TI AIUTIAMO A CREARE LA TUA START-UP INNOVATIVA:

  • Costituzione 
  • Iscrizione sezione speciale Registro Imprese
  • Business plan
  • Conferimento work for equity: valorizzazione e perizia (strumento utile per capitalizzare la società “trasformando” il lavoro in capitale)
  • Finanziamenti e accesso a bandi
  • Crowdfunding

Reperisci informazioni generali sull’argomento sul sito startup.registroimprese.it.

Argomenti trattati:

START UP INNOVATIVE

REQUISITI (art. 25 comma 2 Dl 179/2012)
Ai fini del presente decreto, l’impresa start-up innovativa, di seguito “start-up innovativa“, è la società di capitali, costituita anche in forma cooperativa, le cui azioni o quote rappresentative del capitale sociale non sono quotate su un mercato regolamentato o su un sistema multilaterale di negoziazione, che possiede i seguenti requisiti:
a) soppresso;
b) è costituita da non più di 60 mesi;
c) è residente in Italia ai sensi dell’articolo 73 del Dpr 917/1986, o in uno degli Stati membri dell’Unione Europea o in Stati aderenti all’Accordo sullo spazio economico europeo, purché abbia una sede produttiva o una filiale in Italia;
d) a partire dal secondo anno di attività della start-up innovativa, il totale del valore della produzione annua, così come risultante dall’ultimo bilancio approvato entro 6 mesi dalla chiusura dell’esercizio, non è superiore a 5 milioni di €;
e) non distribuisce, e non ha distribuito, utili;
f) ha, quale oggetto sociale esclusivo o prevalente, lo sviluppo, la produzione e la commercializzazione di prodotti o servizi innovativi ad alto valore tecnologico;
g) non è stata costituita da una fusione, scissione societaria o a seguito di cessione di azienda o di ramo di azienda;
h) possiede almeno 1 dei seguenti ulteriori requisiti:
1) le spese in ricerca e sviluppo sono = o > al 15% del maggiore valore fra costo e valore totale della produzione della start-up innovativa. Dal computo per le spese in ricerca e sviluppo sono escluse le spese per l’acquisto e la locazione di beni immobili. Ai fini di questo provvedimento, in aggiunta a quanto previsto dai principi contabili, sono altresì da annoverarsi tra le spese in ricerca e sviluppo: le spese relative allo sviluppo precompetitivo e competitivo, quali sperimentazione, prototipazione e sviluppo del business plan, le spese relative ai servizi di incubazione forniti da incubatori certificati, i costi lordi di personale interno e consulenti esterni impiegati nelle attività di ricerca e sviluppo, inclusi soci ed amministratori, le spese legali per la registrazione e protezione di proprietà intellettuale, termini e licenze d’uso.
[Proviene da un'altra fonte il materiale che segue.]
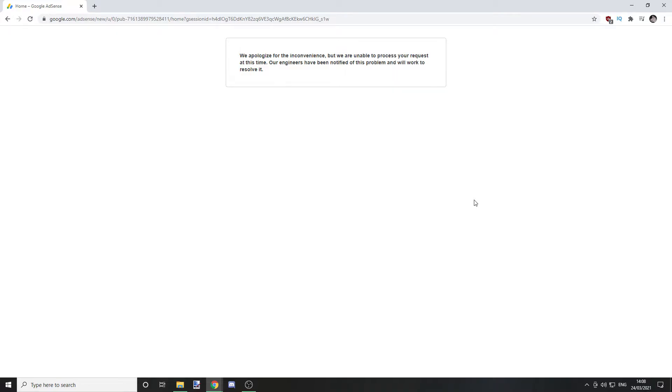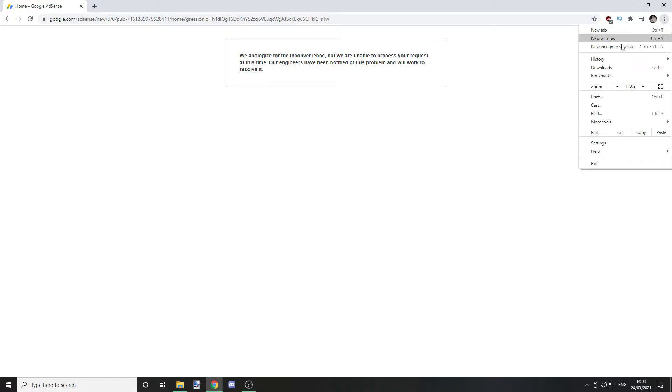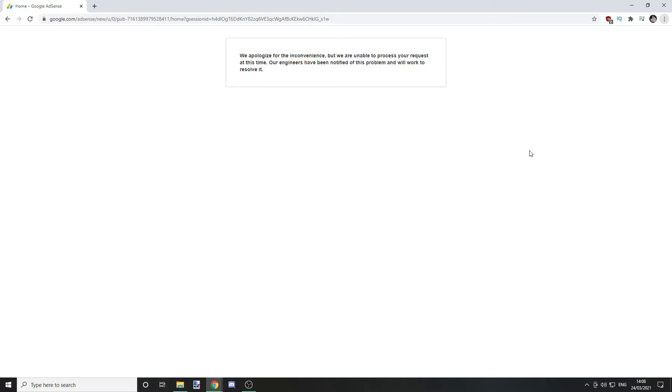So this is to do with ad blockers. If you have an ad blocker, you need to disable it. I'll show you how quickly on Google Chrome. You literally just go to more tools if you're on Google Chrome, go to extensions.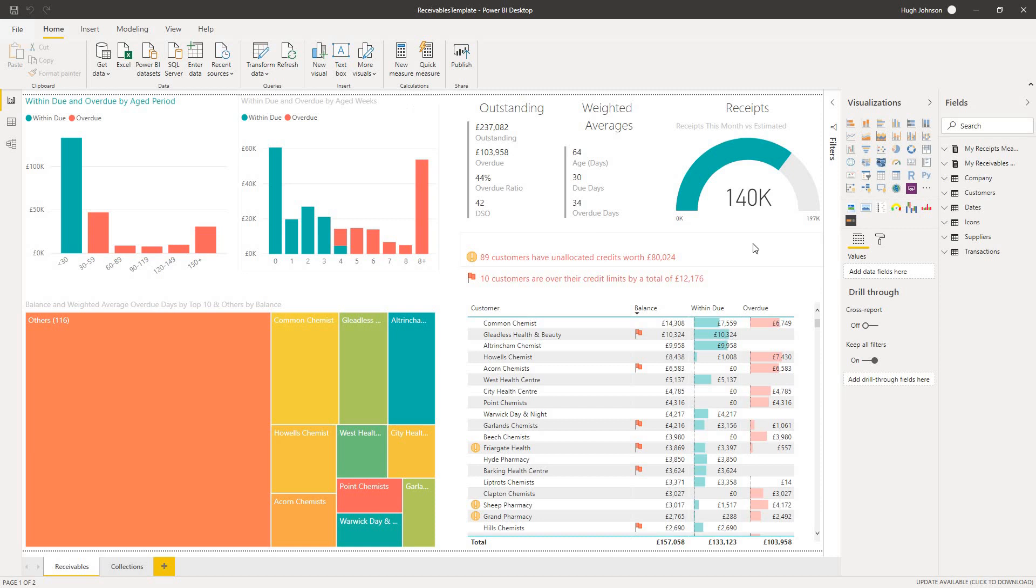On the top right, we track a number of key performance indicators, such as the total amount outstanding, the amount overdue, your overdue ratio, your day sales outstanding, or your debtor days, as well as weighted averages, such as the weighted average age of your debt.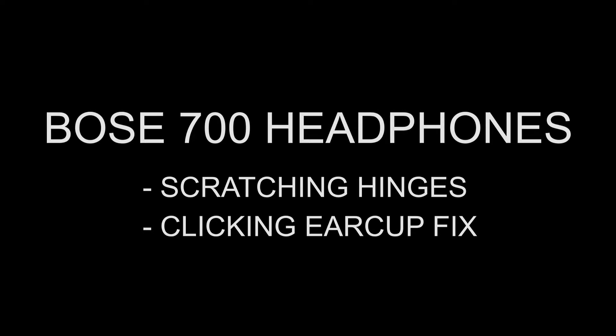Welcome everybody to my very first YouTube tech video. In this video I will show you how to fix the earcup clicking noise that some users, including me, experience. Furthermore, I will cover the scratching problem that the new Bose hinge design brings, but first enjoy some Bose 700s footage.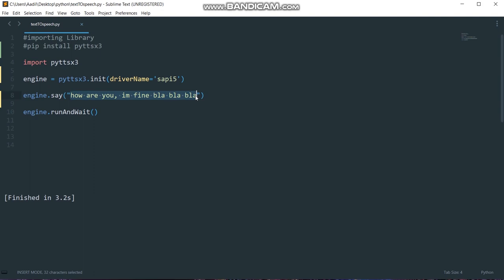After we have written this line of code, then we need to write engine.run and wait function. And if I run this code: 'how are you'. You can see it works perfectly.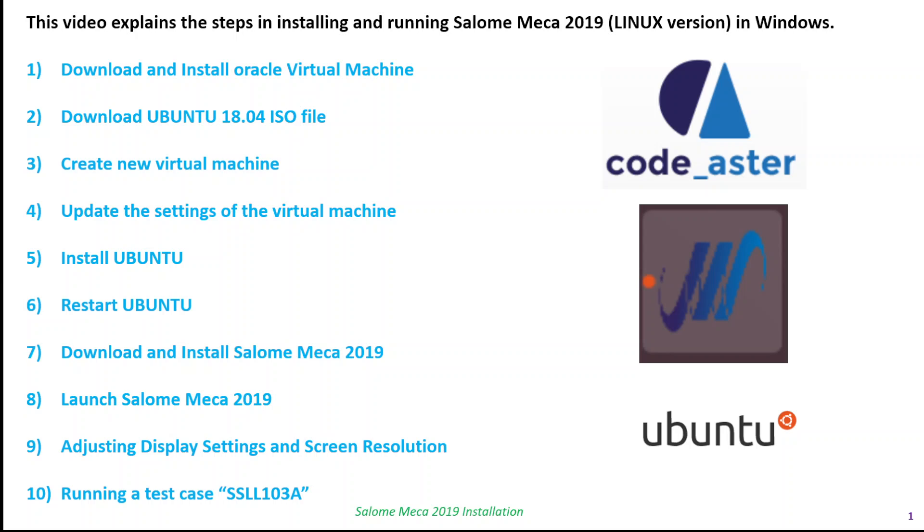Hello and welcome to this channel. In this video, I'm going to show you the steps involved in installing and running Salome Meca 2019 Linux version in Windows operating system.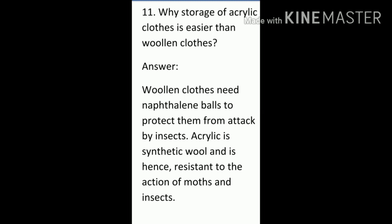Question 11: Why is storage of acrylic cloths easier than woolen cloths? Woolen cloths normally need naphthalene balls — those white balls — to protect them from attack by insects. But acrylic is synthetic wool, so there is no need to use these balls. Acrylic itself is resistant to the action of moths and insects.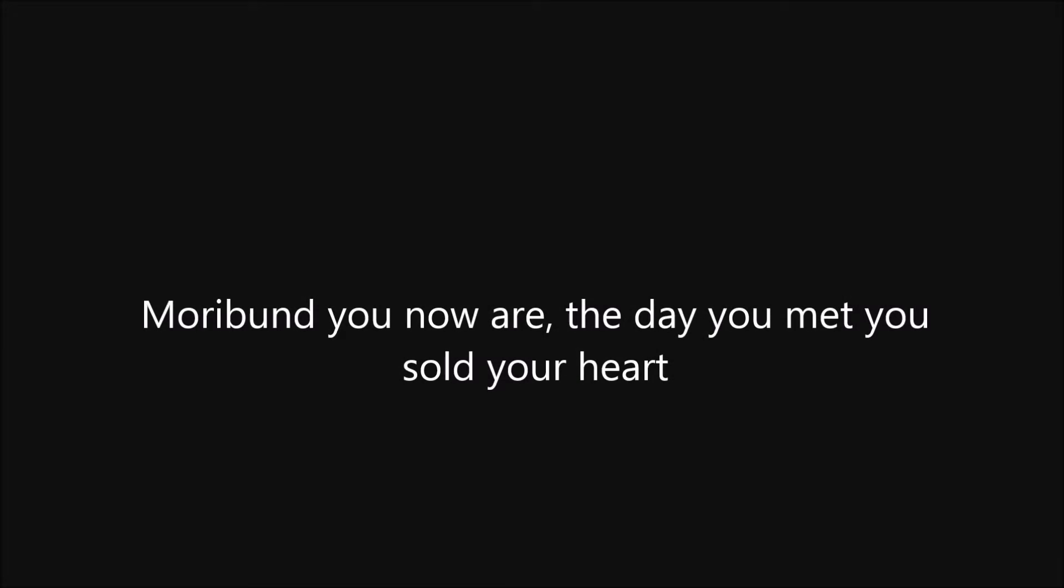The more abundant you now are, the day you met you sold your heart. As these clouds so high shed their tears, I'm your shelter, you return year after year.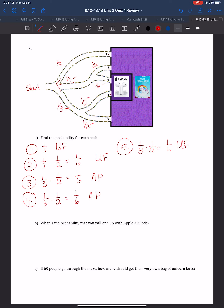Now that we have all the paths figured out, what is the probability that you will end up with the AirPods? We add up all the probabilities for paths that lead to AirPods: 1/6 plus 1/6 equals 2/6, which is the same as 1/3, or 33.3%.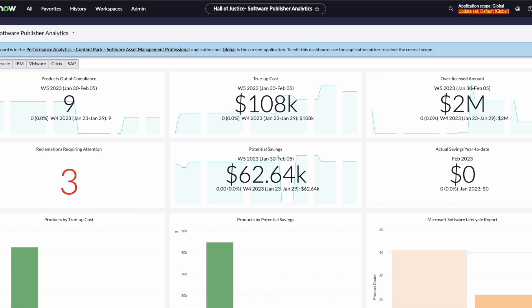Today we're going to take a look at the new feature in Tokyo for contract renewal. Something that asset managers deal with on a regular basis is renewals for their asset contracts. ServiceNow has introduced a process to allow this to flow seamlessly and ensure you capture all components necessary for the renewal. Let's get started and see how this works.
Le spese risultano dall’ultimo bilancio approvato e sono descritte in nota integrativa. In assenza di bilancio nel primo anno di vita, la loro effettuazione è assunta tramite dichiarazione sottoscritta dal legale rappresentante della start-up innovativa;
2) impiego come dipendenti o collaboratori a qualsiasi titolo, in % = o > al terzo della forza lavoro complessiva, di personale in possesso di titolo di dottorato di ricerca o che sta svolgendo un dottorato di ricerca presso un’università italiana o straniera, oppure in possesso di laurea e che abbia svolto, da almeno tre anni, attività di ricerca certificata presso istituti di ricerca pubblici o privati, in Italia o all’estero, ovvero, in % = o > a due terzi della forza lavoro complessiva, di personale in possesso di laurea magistrale ai sensi dell’articolo 3 del del regolamento di cui al decreto  del  Ministro  dell’istruzione, dell’università e della ricerca 22 ottobre 2004, n. 270 22 ottobre 2004, n. 270;
3) sia titolare o depositaria o licenziataria di almeno una privativa industriale relativa a una invenzione industriale, biotecnologica, a una topografia di prodotto a semiconduttori o a una nuova varietà vegetale ovvero sia titolare dei diritti relativi ad un programma per elaboratore originario registrato presso il Registro pubblico speciale per i programmi per elaboratore, purché tali privative siano direttamente afferenti all’oggetto sociale e all’attività di impresa.
 
INCENTIVI ALL’INVESTIMENTO IN START UP INNOVATIVE (art. 29 Dl 179/2012)

Detrazione irpef del 30% della somma investita da persone fisiche nel capitale sociale di una o più start-up innovative, direttamente o per il tramite di organismi di investimento collettivo del risparmio che investano prevalentemente in start-up innovative. L’investimento massimo detraibile per ciascun periodo d’imposta ammonta a € 1.000.000.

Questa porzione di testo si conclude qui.